I’ve been asked this question hundreds of times, and my understanding of the problem and the advice I give has changed over the years.
Let’s start with a quick look at the problem and finish with some practical tips to get you going in the right direction again.
You’re following your diet to the letter but you’re not losing weight. Or you were, but now it’s stalled. Or worse, you’re gaining weight! What’s going on? Has your metabolism slowed, or been “damaged” from dieting? Has your body gone into “starvation mode”? Are your hormones to blame? Or can you actually cause weight gain by under-eating?
Many of us working in fitness and nutrition coaching have been guilty of telling people these things in the past. A lot of us thought “metabolic damage” was a thing, or that the human body somehow defied the laws of thermodynamics.
But research has shown many times that energy balance determines bodyweight. You’ve probably seen this as “calories in, calories out.”
We take in energy in the form of food, and we expend energy through things like digestion, movement, and our basic metabolic functions.
If we take in more energy than we expend, we gain weight.
If we take in less energy than we expend, we lose weight.
But what if you’re tracking everything precisely, and still not losing weight?
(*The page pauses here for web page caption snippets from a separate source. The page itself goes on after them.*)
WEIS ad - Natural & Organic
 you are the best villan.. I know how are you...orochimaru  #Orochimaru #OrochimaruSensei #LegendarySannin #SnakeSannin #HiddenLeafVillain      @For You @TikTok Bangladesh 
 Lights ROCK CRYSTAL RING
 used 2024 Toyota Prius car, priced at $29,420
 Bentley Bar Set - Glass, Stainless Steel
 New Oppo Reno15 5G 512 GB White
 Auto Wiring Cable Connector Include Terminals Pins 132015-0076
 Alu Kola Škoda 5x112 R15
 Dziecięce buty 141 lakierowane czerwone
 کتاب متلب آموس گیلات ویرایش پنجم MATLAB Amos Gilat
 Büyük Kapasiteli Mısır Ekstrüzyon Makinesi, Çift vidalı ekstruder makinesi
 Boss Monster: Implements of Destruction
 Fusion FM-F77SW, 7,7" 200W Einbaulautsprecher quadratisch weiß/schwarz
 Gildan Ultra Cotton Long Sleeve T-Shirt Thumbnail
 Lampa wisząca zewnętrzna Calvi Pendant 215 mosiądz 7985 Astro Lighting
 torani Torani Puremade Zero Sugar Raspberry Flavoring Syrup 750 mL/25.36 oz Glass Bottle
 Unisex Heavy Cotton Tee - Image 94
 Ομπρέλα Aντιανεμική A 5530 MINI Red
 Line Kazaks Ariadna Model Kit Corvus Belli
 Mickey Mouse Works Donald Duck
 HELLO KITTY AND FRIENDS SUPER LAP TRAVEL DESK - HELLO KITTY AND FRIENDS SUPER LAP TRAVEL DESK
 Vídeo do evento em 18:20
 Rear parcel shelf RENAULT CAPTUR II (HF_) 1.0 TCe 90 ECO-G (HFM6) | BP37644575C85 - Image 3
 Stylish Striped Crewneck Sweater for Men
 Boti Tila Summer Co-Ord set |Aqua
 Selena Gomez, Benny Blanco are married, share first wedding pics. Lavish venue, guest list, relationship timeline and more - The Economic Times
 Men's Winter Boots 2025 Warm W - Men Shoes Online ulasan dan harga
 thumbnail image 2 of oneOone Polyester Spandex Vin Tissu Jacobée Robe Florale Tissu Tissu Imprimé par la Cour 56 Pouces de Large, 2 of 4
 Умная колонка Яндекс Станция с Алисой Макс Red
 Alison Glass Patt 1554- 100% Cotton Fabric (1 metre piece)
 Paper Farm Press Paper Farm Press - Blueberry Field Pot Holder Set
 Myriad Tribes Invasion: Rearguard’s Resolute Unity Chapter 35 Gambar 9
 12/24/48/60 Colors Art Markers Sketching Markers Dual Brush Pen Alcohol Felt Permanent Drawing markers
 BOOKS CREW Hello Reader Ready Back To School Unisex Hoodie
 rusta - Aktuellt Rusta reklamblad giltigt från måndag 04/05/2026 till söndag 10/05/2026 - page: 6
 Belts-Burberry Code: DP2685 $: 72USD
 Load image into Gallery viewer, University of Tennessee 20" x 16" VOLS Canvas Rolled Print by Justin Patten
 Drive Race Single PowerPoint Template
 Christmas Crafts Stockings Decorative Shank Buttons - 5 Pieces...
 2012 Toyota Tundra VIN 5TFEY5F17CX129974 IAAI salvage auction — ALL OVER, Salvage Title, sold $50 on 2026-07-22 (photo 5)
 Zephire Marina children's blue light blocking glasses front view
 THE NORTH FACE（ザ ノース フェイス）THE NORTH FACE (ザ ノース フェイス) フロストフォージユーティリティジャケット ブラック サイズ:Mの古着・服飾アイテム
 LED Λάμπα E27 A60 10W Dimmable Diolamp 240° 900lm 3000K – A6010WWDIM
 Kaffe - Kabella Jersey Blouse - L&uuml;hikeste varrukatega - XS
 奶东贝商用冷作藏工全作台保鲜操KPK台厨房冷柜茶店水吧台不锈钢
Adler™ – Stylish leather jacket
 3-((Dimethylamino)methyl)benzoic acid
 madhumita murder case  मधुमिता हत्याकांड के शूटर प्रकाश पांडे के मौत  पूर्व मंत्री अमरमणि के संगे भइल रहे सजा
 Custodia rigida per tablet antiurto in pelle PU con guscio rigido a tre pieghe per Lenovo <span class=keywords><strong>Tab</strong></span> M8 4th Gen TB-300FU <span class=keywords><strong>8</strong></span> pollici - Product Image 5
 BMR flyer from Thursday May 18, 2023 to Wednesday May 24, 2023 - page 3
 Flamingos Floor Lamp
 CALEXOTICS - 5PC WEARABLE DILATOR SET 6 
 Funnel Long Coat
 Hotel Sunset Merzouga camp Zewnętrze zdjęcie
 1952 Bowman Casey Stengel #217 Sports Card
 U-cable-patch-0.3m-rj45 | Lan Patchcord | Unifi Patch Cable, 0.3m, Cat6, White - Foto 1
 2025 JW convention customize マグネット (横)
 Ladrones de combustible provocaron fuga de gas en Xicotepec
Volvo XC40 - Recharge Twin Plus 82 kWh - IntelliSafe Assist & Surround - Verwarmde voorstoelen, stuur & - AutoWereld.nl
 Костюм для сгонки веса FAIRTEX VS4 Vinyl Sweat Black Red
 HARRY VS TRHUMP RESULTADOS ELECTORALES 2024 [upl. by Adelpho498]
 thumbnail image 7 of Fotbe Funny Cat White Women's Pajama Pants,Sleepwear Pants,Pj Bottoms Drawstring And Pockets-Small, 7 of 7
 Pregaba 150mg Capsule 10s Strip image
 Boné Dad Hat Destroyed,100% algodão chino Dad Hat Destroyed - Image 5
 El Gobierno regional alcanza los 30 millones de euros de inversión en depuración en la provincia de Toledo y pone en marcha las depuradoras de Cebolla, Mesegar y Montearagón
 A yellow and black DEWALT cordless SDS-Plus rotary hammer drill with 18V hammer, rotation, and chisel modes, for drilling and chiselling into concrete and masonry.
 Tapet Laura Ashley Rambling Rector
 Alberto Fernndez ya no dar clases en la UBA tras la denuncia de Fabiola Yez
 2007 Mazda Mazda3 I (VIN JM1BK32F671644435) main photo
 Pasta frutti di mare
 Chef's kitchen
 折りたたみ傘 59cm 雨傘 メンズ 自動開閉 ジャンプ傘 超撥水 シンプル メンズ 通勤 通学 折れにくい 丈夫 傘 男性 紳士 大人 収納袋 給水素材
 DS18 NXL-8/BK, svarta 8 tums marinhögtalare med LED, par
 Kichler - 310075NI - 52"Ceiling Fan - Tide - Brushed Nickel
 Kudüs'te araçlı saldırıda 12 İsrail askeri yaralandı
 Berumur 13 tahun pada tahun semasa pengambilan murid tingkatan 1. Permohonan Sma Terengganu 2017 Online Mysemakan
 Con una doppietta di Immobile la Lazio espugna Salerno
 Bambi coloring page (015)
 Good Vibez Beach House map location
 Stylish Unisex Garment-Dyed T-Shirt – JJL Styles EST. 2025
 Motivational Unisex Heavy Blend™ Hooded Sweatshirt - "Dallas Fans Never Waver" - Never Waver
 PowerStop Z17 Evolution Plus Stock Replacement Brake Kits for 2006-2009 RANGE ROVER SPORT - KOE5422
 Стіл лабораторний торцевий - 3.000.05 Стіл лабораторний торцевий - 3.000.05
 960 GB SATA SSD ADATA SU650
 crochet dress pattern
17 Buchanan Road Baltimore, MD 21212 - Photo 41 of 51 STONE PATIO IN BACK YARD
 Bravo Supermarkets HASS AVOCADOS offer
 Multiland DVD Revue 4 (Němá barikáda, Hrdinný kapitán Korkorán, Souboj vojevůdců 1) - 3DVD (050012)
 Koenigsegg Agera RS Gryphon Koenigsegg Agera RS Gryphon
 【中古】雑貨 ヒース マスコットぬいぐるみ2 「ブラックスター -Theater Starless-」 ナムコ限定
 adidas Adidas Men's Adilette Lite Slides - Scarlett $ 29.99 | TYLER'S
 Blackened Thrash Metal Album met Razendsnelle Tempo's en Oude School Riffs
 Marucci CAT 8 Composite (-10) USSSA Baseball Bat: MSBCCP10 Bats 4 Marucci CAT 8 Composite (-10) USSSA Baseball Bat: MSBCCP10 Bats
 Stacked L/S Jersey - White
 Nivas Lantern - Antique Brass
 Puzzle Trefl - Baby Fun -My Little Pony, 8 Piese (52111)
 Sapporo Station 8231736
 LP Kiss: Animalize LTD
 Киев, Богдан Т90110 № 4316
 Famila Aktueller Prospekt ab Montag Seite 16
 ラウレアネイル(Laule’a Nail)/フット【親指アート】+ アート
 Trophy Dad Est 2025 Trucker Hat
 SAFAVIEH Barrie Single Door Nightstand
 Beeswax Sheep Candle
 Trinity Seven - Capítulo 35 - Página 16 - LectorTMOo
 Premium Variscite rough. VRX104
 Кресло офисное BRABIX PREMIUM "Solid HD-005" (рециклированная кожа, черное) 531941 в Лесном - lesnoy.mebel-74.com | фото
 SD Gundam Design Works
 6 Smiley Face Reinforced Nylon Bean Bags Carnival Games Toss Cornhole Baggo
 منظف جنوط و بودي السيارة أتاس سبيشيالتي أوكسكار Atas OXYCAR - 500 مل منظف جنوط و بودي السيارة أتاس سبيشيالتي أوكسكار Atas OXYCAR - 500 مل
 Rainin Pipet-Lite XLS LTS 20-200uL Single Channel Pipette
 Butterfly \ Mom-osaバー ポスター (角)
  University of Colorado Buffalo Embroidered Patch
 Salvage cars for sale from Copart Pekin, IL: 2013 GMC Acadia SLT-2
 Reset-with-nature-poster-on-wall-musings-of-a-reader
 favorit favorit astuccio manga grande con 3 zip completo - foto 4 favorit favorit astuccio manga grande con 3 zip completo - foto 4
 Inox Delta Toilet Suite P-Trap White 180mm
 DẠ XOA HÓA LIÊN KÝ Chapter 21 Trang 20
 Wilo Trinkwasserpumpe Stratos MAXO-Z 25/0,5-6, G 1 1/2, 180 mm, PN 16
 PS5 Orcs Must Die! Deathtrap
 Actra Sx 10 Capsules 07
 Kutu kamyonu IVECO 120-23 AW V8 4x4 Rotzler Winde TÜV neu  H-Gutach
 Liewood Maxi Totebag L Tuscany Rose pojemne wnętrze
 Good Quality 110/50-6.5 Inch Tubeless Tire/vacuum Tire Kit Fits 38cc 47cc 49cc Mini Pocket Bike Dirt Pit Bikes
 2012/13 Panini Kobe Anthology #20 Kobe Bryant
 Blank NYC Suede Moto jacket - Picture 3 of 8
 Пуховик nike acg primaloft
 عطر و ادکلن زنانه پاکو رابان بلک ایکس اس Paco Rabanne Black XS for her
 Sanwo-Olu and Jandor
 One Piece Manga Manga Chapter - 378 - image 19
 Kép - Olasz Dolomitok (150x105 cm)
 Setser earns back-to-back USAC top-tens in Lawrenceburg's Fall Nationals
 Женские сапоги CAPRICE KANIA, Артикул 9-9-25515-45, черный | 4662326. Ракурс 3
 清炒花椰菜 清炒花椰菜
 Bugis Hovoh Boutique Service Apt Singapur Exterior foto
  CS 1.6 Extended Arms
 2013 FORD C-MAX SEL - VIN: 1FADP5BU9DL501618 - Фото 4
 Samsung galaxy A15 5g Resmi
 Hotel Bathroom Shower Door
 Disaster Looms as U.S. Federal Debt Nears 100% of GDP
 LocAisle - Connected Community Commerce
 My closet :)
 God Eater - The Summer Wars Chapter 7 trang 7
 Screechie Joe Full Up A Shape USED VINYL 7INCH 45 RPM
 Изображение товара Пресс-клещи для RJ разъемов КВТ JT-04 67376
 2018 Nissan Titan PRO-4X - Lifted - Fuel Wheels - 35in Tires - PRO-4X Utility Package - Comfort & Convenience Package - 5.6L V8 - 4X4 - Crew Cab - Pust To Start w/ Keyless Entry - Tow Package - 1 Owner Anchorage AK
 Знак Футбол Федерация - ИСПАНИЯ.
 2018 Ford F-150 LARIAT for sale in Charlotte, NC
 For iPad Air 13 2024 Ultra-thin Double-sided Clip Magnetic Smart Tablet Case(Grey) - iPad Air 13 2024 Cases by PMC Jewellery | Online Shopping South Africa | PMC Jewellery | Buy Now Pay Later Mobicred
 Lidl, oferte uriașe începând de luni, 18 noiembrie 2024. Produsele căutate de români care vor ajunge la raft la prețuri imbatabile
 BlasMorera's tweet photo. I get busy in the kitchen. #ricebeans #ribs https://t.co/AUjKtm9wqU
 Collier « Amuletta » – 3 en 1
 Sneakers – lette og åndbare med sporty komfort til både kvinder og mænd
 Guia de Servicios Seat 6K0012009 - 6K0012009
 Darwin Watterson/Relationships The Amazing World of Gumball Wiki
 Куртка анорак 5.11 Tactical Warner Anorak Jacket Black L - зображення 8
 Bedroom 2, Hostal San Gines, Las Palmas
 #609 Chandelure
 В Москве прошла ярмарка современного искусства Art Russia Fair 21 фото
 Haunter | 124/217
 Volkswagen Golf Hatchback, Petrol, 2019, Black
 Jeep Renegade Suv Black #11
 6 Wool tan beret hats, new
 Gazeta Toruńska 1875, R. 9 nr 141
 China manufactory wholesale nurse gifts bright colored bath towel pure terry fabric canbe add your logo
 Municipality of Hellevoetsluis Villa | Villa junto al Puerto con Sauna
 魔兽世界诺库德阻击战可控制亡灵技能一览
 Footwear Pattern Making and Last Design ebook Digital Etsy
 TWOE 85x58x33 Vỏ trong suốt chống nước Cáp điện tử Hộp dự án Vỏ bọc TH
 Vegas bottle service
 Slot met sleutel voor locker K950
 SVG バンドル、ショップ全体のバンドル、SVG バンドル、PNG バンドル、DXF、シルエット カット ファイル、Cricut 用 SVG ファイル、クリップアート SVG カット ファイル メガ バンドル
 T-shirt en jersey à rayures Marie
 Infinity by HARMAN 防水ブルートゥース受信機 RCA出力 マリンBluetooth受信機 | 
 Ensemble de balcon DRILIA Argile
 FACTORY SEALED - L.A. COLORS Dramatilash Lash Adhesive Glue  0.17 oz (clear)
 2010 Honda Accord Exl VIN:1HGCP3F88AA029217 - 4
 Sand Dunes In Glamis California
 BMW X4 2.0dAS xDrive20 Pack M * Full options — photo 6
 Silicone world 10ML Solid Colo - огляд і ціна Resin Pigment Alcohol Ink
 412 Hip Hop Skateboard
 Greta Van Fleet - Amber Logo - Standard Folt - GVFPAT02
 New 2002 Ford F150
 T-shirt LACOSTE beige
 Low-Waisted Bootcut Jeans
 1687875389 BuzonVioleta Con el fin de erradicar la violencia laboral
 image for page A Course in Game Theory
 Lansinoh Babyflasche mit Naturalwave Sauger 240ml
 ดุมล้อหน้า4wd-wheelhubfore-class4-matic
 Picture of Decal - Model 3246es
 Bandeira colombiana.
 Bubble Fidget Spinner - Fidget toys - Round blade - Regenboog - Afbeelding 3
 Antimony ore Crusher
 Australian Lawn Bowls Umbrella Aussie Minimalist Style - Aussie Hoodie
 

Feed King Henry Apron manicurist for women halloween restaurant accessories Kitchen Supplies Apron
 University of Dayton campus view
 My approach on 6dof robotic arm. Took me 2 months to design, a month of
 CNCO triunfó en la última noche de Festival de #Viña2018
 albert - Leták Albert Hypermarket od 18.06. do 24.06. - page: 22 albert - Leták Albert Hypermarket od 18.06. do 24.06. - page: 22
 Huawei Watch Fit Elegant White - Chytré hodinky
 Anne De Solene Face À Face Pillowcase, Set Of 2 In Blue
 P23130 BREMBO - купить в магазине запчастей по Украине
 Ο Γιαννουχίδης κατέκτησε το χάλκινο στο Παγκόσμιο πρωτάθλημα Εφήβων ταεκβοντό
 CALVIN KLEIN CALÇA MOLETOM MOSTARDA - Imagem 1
Or worse, you’re gaining weight!
What’s going on?
There could be a number of reasons for this.
For example, on the “calories in” side of the equation:
- Calorie counts on food labels can be out by 20-30%.
- Errors when weighing or measuring food.
- You’re forgetting to account for some of the food you eat.
- You’re absorbing more energy from your food than you realise. For example, your gut bacteria might be really good at extracting nutrients.
- Your energy needs might be lower than suggested by the equation you used to predict your intake.
And on the “calories out” side:
- You’re probably burning fewer calories through movement than your smart watch or exercise machine tells you.
- Your metabolism has dropped and you’re no longer in a calorie deficit. Most diets set a low calorie intake to ensure weight loss, but as you lose weight your metabolism slows. Eventually, it will reach the point where there is no longer a calorie deficit and you stop losing weight.
- Your activity levels have dropped. Your body is sneaky, and automatically reduces your activity levels when you’re losing weight.
Could it be caused by a medical problem?
There are certainly medical problems which can make the fat loss process harder.
Basically, they change the “calories out” side of the equation by reducing the number of calories you expend.
If you suspect this might be the case, speak to a medical professional. But note, it is far more likely that the issue is related to what I’ve discussed above.
The good news is that weight loss is still possible, but it does tend to be slower because it’s harder to create a calorie deficit.
What can I do about it?
Here are a few ideas which might help address the issues discussed above:
- Measure your intake. Use your hands, scales, pictures, food logs, or whatever works for you. In my coaching practice, I recommend hands as it’s easy and you have them with you all the time!
- Record your intake for a few days to see if it adds up to what you expected. Make sure you include weekdays and weekend days. I’m sure you can guess why 😉
- Experiment with your diet. There’s no single best diet for everyone. We all have different preferences, and even different responses to foods and macronutrients. This is one of the reasons I never give out meal plans and don’t recommend any particular diet. Instead, I help you to find what works for you.
- Play with macronutrient ratios. Generally speaking, most people feel fuller for longer when they get protein levels right. Beyond that, some people respond better to higher carbs and lower fats, while others respond better to higher fats and lower carbs. The only way to find out what works for you is to experiment.
- Base your diet on whole foods. Processed foods are often hyper-palatable and seem to bypass our natural systems which regulate intake, and we find it very hard to stop once we start eating them. Pringles weren’t wrong when they said, “Once you pop, you can’t stop”!
- Set a daily step count to combat the problem of reduced activity levels.
In summary, no matter how much we’d like to blame something outwith our control, it’s highly likely that a failure to lose weight is related to an imbalance between calories in and calories out.
Hopefully some of the tips above will help you get on track.